Chargé d’une histoire toujours liée à la solidarité, le Théâtre de l’Œuvre vit un nouveau souffle musical tourné vers tous les publics. Mue par un désir de renouveau, l’équipe est en attente de financements pour faire du lieu culturel un havre de solidarité, de création et de diffusion.
Le théâtre est porté par l’Association La Paix, créée en 1831 par un réfugié italien qui fuyait le fascisme. Dès les prémices, des représentations théâtrales, opérettes et opéras y étaient donnés et les entrées reversées à la solidarité et à l’éducation populaire, fer de lance de l’association – dont le slogan “Art & Charité” apparaît toujours au-dessus de la scène. Le lieu a eu une longue vie : l’association a caché des résistants dans les locaux, des juifs pendants la guerre ; la dimension militante y est assez forte. À la fin des années 90, l’activité avait périclité, et le théâtre a connu une fermeture d’un grosse décennie au début des années 2000. La réouverture fut possible grâce à la découverte d’une œuvre d’Augustin Lesage, célèbre artiste de l’art brut, qui avait laissé en héritage cette toile dans le bâtiment aux fondateurs de l’association. La remise aux normes partielle fut facilitée par cette trouvaille.
À partir de 2022, une nouvelle équipe de huit personnes s’est créée, dont Dro Kilndjian est en charge. L’artistique se concentre sur un projet autour des musiques actuelles, à 70% environ, mais le théâtre n’est pas en reste. Conférences, lectures et cartes blanches sont également organisées. Souhaitant garder l’ADN de la genèse du projet, le tiers lieu culturel et artistique travaille toujours sur le champ du social et de la solidarité. La politique tarifaire est engagée et soutenue par des acteurs tels que Culture du Coeur ou La Cloche, incitant des publics en précarité à visiter les lieux de culture (certaines opérations sont même gratuites). L’équipe actuelle veille à la mixité des publics à travers une médiation générale.
Depuis trois saisons, la partie sociale et solidaire est toujours assez importante : le Secours Populaire, MSF ou l’association À Voix Haute proposent des interventions hebdomadaires, tandis que d’autres actions sont portées directement par le théâtre, afin de créer des passerelles entre culture et solidarité. Le bâtiment fait plus de mille mètres carrés, dont seulement cinq ou six cent sont utilisés aujourd’hui.

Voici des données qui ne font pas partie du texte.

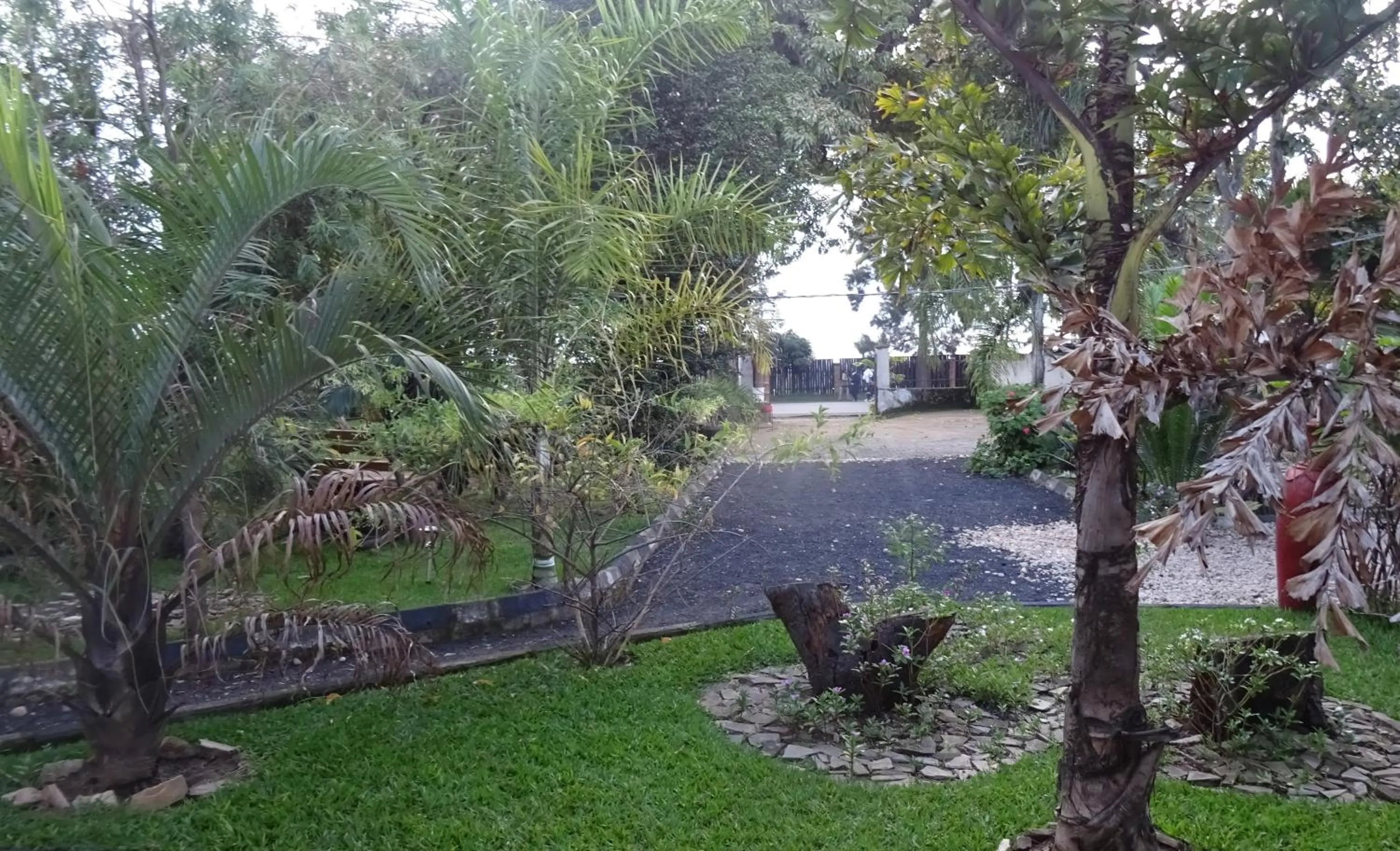 Lake view in Kivu Beach Garden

Le potentiel est grand, et des travaux sont envisagés – si financements accordés – afin de réhabiliter l’ensemble du lieu : rénover la salle de concert, dédier le premier étage à des espaces de médiation et de social, et le second à des logements d’artistes et de résidence. Cela permettrait une activité globale aux artistes, de la création à la diffusion. Cet outil a d’ailleurs vocation à être mutualisé avec les partenaires de la Responsabilité des Rêves (Espace Julien, Makeda et Mesón).
La programmation musicale est bien heureuse de partager celle de cette Responsabilité des Rêves, permettant au lieu d’accueillir des artistes tels que la chanteuse folk américaine Jessica Pratt, le 18/11. Une aubaine, selon Dro. D’autres artistes, comme l’américain Joseph Arthur (le 25/09), ont été programmés directement par le théâtre, désormais ancré dans la filière musicale. L’intimité imposée par cette petite salle aux 180 places (strictement) assises a bien évidemment une incidence sur les choix de programmation. L’équipe a une affinité particulière avec les musiques d’Afrique et du Maghreb, répondant aux demandes de publics issus de ces communautés ou non : musique arabo-andalouse, châabi, raï… Elle s’intéresse également aux musiques actuelles en écoute assise, bien que quelques groupes plus “énergiques” soient à l’affiche ce trimestre, comme Kill the Thrill (le 14/12). De manière générale, les musiques d’écoute sont à l’honneur.
Plus que jamais, le Théâtre de l’Œuvre est tourné vers l’avenir, et se projette après cette réhabilitation, qui donnera une dynamique nouvelle au lieu, indispensable à sa survie.